Les collisions routières constituent une autre forme de conflit entre populations et faune sauvage. En 2026, Painted Dog Conservation (PDC) s'est associée aux autorités, à la police et au Zimbabwe's Traffic Safety Council après la mort de deux lycaons sur une autoroute. La réponse comprenait des barrages routiers éducatifs, un suivi renforcé près des routes et des messages appelant les automobilistes à réduire leur vitesse et à rester vigilants dans les zones fréquentées par la faune. Cet incident relie également la prévention des conflits à la conservation du lycaon africain au Zimbabwe.
Braconnage et capacités de protection insuffisantes
Le braconnage n'est pas identique au conflit entre populations et faune sauvage, mais ces pressions peuvent se renforcer mutuellement. Lorsque les communautés bénéficient peu de la présence de la faune, les représailles après des pertes de cultures ou de bétail peuvent augmenter, tandis que les difficultés économiques peuvent rendre la participation au commerce illégal d'espèces sauvages plus probable.
La protection de la faune dépend également des financements. Pendant la période de COVID-19, les recettes de ZimParks ont chuté de 80 % entre avril et juin, selon les informations fournies par Zambezi Valley Biodiversity Project, créant un important déficit opérationnel pour la surveillance anti-braconnage et le suivi de la faune. Cet exemple historique montre pourquoi les financements de la conservation, les revenus du tourisme et un financement public fiable sont essentiels à la fois à la sécurité de la faune et à la gestion des conflits.
Les actions engagées : programmes et solutions concrètes
Clôture gérée par la communauté à Masoka
CCT a commencé à installer une clôture de 22 kilomètres, résistante aux éléphants et aux prédateurs, autour de Masoka, dans la vallée du Zambèze. Au 5 mai 2026, 8 kilomètres avaient été érigés.
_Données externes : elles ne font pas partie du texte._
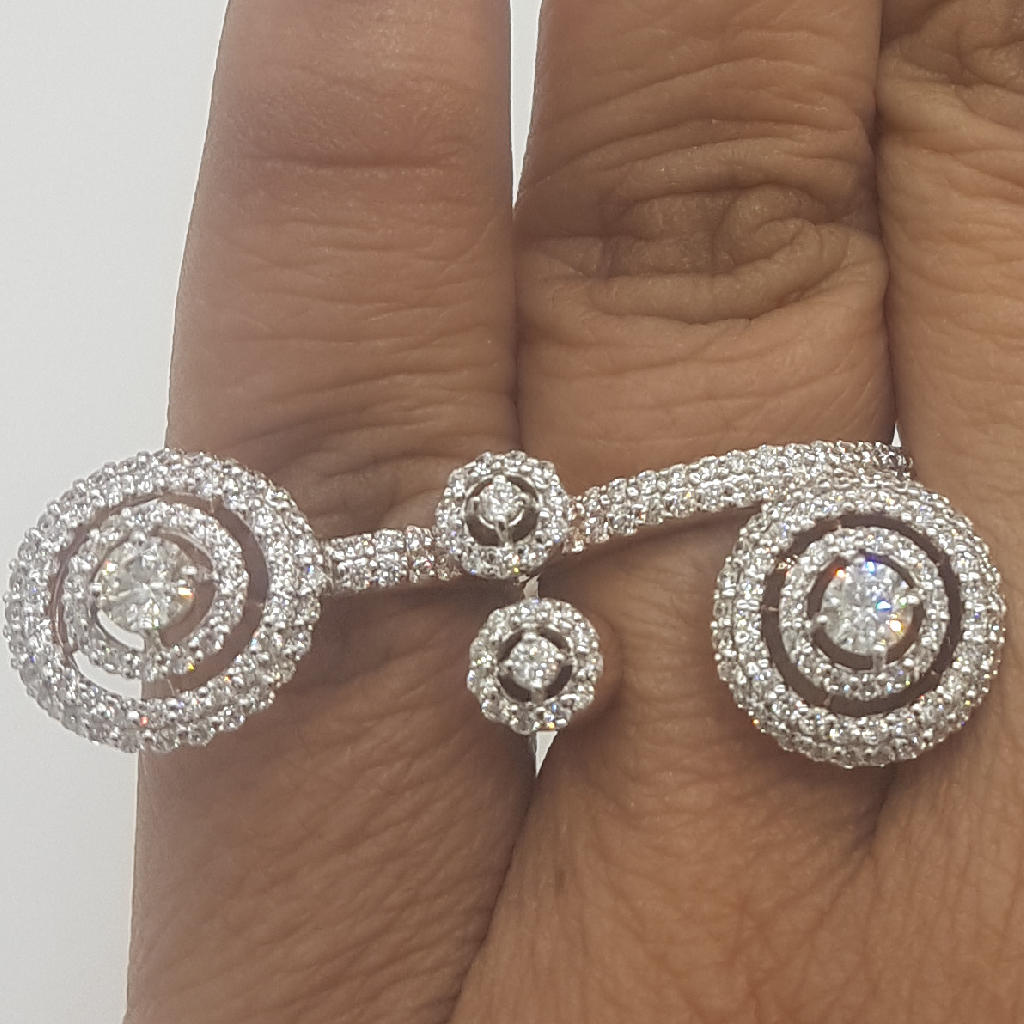 Aroha Creative Diamond Simulants Ring JSJ0270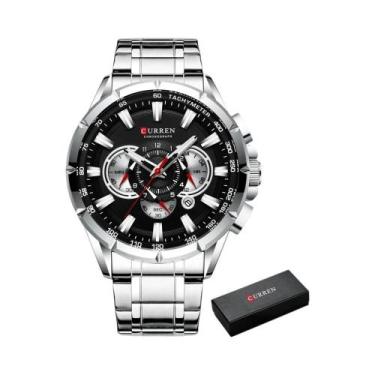 Imagem de Relógio Cronógrafo Masculino Em Aço Inoxidável Com Ponteiros Luminosos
Dix habitants choisis par la communauté ont rejoint l'équipe d'installation, tandis que d'autres ont participé au défrichage et aux patrouilles des écogardes communautaires.
La structure est importante, mais son mode de gouvernance l'est tout autant. Selon Dave Mhande, chef de village cité par Awe Nature, les chefs de Masoka se sont chacun vu attribuer 1 kilomètre de clôture à superviser pendant l'année. La responsabilité locale peut améliorer l'entretien et la reddition de comptes, mais l'efficacité à long terme dépendra de l'achèvement de la clôture, de son maintien en état et de la garantie qu'elle ne bloque pas les déplacements de la faune à des endroits inappropriés.
Awe Nature, CCT et ZimParks ont évalué le projet de Masoka et d'autres actions d'atténuation des conflits lors d'une visite en mai 2026. Ce partenariat montre que des solutions durables exigent une coopération entre l'autorité réglementaire chargée de la faune, les organisations de conservation et les communautés vivant à proximité des territoires fréquentés par les animaux.
Protection du bétail et intervention initiale
Les enclos protégés contre les prédateurs, les écogardes communautaires et les équipes d'intervention de première ligne ciblent les moments où un conflit risque le plus de provoquer des victimes humaines ou animales. IFAW décrit les équipes d'intervention initiale comme une première ligne de défense, tandis que les actions soutenues par DART se sont concentrées sur des enclos à bovins et des sources d'eau plus sûrs.
Les technologies de suivi peuvent apporter un niveau de prévention supplémentaire. Victoria Falls Wildlife Trust a équipé des éléphants à problèmes de colliers dans la zone urbaine afin de suivre leurs déplacements et de contribuer à prévenir de nouveaux conflits. Dans la KAZA, WWF utilise des études sur l'abondance, la répartition et les déplacements des éléphants, des lions et des hyènes tachetées pour repérer les corridors de connectivité et les points chauds de conflit, aidant les gestionnaires à déterminer où chaque intervention est la plus appropriée.
Éducation et participation des jeunes
WWF Zimbabwe a créé des Green Clubs dans les écoles afin d'enseigner aux élèves le comportement des animaux, les raisons pour lesquelles la faune pénètre dans les zones habitées, l'agroécologie et la gestion durable des terres. À Kampandu Primary School, le directeur Muleya Nchobeni a décrit des situations où les élèves devaient être renvoyés plus tôt en raison du danger posé par les éléphants.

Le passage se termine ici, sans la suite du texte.